Your copy should contain exactly the lines from the start of the material through the line containing "This video will", and no pictures.

**********

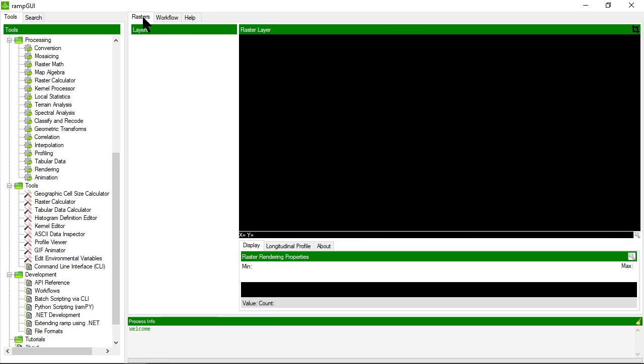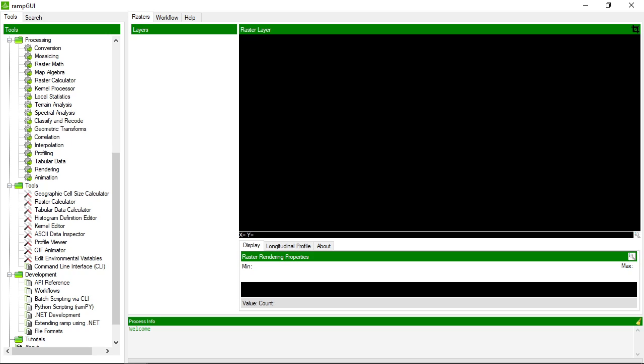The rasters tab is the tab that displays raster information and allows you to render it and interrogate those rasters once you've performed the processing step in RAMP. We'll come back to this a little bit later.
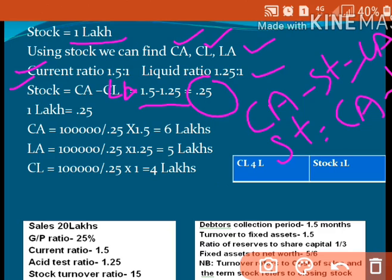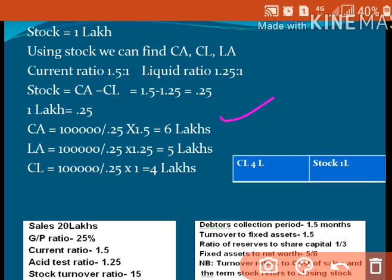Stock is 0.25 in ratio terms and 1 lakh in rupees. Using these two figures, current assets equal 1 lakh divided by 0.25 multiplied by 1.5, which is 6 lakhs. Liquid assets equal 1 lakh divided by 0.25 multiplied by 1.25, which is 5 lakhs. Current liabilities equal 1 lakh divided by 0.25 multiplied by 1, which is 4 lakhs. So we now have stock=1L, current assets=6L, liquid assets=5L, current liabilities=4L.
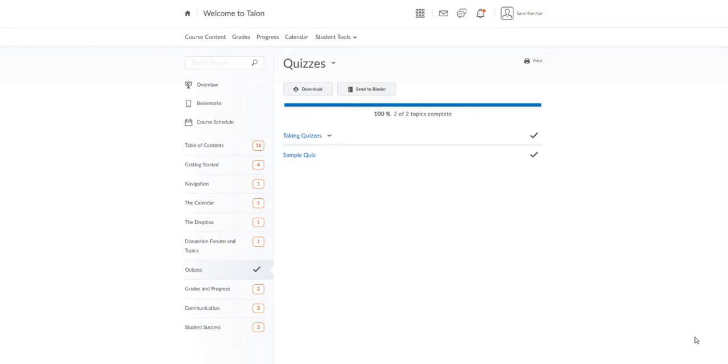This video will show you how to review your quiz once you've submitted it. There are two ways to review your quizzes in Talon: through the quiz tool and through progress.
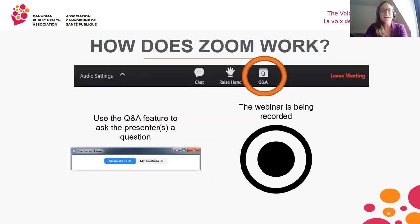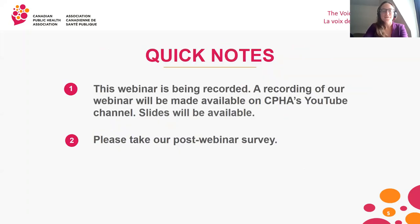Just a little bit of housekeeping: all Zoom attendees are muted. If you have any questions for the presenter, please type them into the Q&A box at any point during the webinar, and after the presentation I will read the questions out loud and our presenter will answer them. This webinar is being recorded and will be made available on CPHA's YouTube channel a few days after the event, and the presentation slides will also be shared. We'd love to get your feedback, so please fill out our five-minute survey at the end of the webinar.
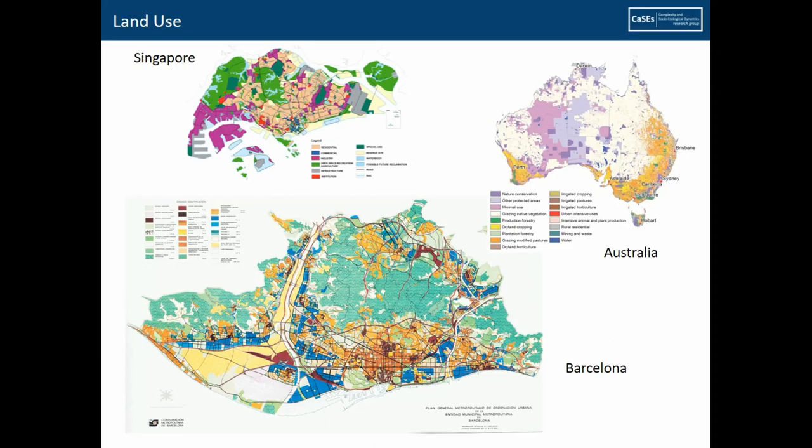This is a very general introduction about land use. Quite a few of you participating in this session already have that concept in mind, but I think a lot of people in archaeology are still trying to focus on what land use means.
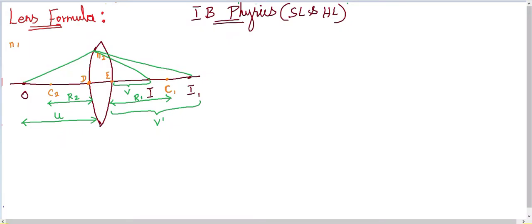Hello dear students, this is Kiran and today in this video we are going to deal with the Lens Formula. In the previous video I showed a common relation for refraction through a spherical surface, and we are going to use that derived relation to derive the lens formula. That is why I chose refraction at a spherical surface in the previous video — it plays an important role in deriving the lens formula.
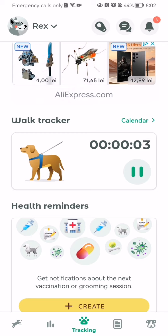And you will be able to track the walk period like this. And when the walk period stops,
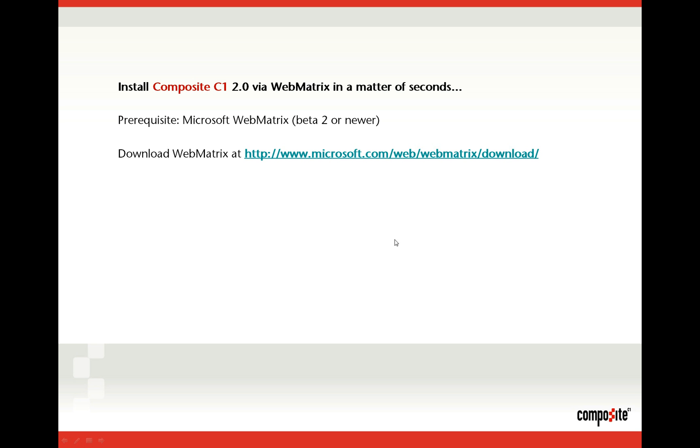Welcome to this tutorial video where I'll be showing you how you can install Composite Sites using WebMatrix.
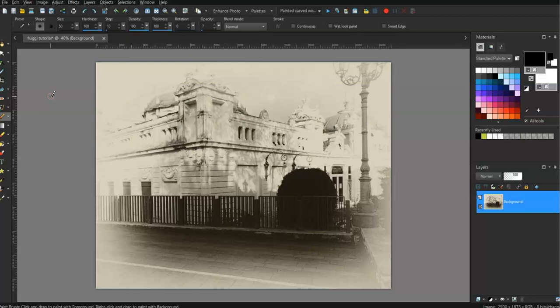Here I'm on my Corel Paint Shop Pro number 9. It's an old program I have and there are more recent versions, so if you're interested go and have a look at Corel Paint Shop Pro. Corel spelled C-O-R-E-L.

**********

* EXPECTED ANSWER:
The rasters tab is the tab that displays raster information and allows you to render it and interrogate those rasters once you've performed the processing step in RAMP. We'll come back to this a little bit later.
Stock is 0.25 in ratio terms and 1 lakh in rupees. Using these two figures, current assets equal 1 lakh divided by 0.25 multiplied by 1.5, which is 6 lakhs. Liquid assets equal 1 lakh divided by 0.25 multiplied by 1.25, which is 5 lakhs. Current liabilities equal 1 lakh divided by 0.25 multiplied by 1, which is 4 lakhs. So we now have stock=1L, current assets=6L, liquid assets=5L, current liabilities=4L.
This video will show you how to review your quiz once you've submitted it. There are two ways to review your quizzes in Talon: through the quiz tool and through progress.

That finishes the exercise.